Falls Church’s Meridian High School students are presenting the Tony Award-winning musical play, “Pippin,” in performances this weekend in the new school’s auditorium.
Charlemagne, we read in Einhard’s early life of the medieval Frankish king, “wrote out the barbarous and ancient songs, in which the acts of the kings and their wars were sung…” While the musical “Pippin” does treat Charlemagne and his son Pippin, the songs and acts are not tied to historical tradition and fact but rather to the imaginations of composer and lyricist Stephen Schwartz and librettist Roger O. Hirson.
This Tony Award winning 1972 musical, borrowing these historical personages for creative play, is to be performed this weekend at Meridian High by students under the guidance of Shawn Northrip. The student cast will include Hana Saldate as the Leading Player, Matthew Bloss-Baum as Pippin, Alex Steinbach as Charles the Great (Charlemagne), and Emma Hart as Catherine.
Twenty years ago, Mr. Northrip recounted in an interview with the News-Press that he was student-teaching at Lake Braddock High School with R.L. Mirabal. “This was the musical the high school was putting on,” he relayed to the News-Press. “I’ve loved it ever since and have always wanted to do it, but it is a particularly large and challenging show. For the past two years, due to the pandemic, we’ve been doing small shows, with small casts and small bands. This year, when we decided it was time to do something big again, with a large cast and a full pit, this was the show I proposed.”

The high school students in the cast know who Charlemagne was, as they study him in history classes. “To be honest,” Mr. Northrip says, “the show is not really about him or Pippin, historically speaking. It is about a company of traveling players putting on the story of a young adult trying to figure out what he wants to do with his life, and the kids know this feeling very well.”
The show also has much to offer in its insights into familial relationships, as the father Charlemagne and the son Pippin do not often spend close time together or communicate in a large, busy court of court people and soldiers coming and going. A step-mother and step-brother also complicate life for Pippin, and there is the matter of whether to conform to his upbringing and his social milieu or whether to rebel against it.
In addition to updating historical personalities and situations to contemporary themes, “this hip, tongue-in-cheek, anachronistic fairy tale,” as “Broadway World Richmond” terms the Meridian High School production, was and is groundbreaking in several ways. First of all, the music took on less of a traditional Rodgers and Hammerstein orchestral Broadway sound and introduced more of a then-current pop sound. Also, the show often “breaks the fourth wall” and engages the audience directly.

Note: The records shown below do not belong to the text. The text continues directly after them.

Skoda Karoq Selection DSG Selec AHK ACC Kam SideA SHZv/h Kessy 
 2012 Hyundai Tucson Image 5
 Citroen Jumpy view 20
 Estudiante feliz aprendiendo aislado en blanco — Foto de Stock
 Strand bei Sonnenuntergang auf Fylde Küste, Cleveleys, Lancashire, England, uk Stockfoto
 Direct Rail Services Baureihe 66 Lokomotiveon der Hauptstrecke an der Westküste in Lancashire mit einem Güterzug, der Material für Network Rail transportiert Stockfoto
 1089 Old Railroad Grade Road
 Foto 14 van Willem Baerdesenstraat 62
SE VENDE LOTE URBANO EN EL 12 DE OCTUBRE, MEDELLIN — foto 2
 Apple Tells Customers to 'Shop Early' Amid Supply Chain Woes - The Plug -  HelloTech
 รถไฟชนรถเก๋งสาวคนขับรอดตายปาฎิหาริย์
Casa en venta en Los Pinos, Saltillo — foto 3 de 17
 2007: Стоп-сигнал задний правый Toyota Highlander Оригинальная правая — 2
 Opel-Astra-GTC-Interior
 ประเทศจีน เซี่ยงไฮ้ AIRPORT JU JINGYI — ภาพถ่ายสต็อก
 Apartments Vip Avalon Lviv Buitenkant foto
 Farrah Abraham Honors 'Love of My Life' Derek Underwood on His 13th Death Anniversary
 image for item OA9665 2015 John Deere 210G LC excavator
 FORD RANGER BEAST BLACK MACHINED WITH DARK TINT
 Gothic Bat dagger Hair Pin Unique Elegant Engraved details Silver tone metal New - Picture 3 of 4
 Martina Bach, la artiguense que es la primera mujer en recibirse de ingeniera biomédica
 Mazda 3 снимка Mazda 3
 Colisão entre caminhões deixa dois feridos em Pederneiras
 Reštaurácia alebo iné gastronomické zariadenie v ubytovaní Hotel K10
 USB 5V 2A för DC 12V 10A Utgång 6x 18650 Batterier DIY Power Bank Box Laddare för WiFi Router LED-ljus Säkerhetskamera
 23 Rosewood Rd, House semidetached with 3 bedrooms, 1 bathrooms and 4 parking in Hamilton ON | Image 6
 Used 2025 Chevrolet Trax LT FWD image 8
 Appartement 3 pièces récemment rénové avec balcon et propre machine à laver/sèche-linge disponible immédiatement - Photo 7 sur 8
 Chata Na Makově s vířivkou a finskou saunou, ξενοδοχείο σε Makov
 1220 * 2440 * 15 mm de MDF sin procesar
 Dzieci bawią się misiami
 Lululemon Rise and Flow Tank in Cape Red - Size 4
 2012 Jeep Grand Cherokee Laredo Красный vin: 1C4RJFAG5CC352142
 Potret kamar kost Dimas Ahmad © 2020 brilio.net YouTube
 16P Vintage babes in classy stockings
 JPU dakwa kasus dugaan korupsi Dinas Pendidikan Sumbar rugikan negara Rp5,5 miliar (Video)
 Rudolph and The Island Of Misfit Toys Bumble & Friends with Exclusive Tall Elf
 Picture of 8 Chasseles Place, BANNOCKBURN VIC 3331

This production of “Pippin” is unique (particularly after austere production offerings during the pandemic) in that it employs elaborate costumes as well as sets which evoke the past. Coincidentally, it is the same show that was performed by students at the nearby Justice High School off Sleepy Hollow Road earlier this month.
The Meridian High production runs the next three nights, Thursday through Saturday, Nov. 17, 18, and 19, at Meridian High School, 121 Mustang Alley, Falls Church, Virginia 22043. The production goes from 7:30 p.m. — 10:00 p.m.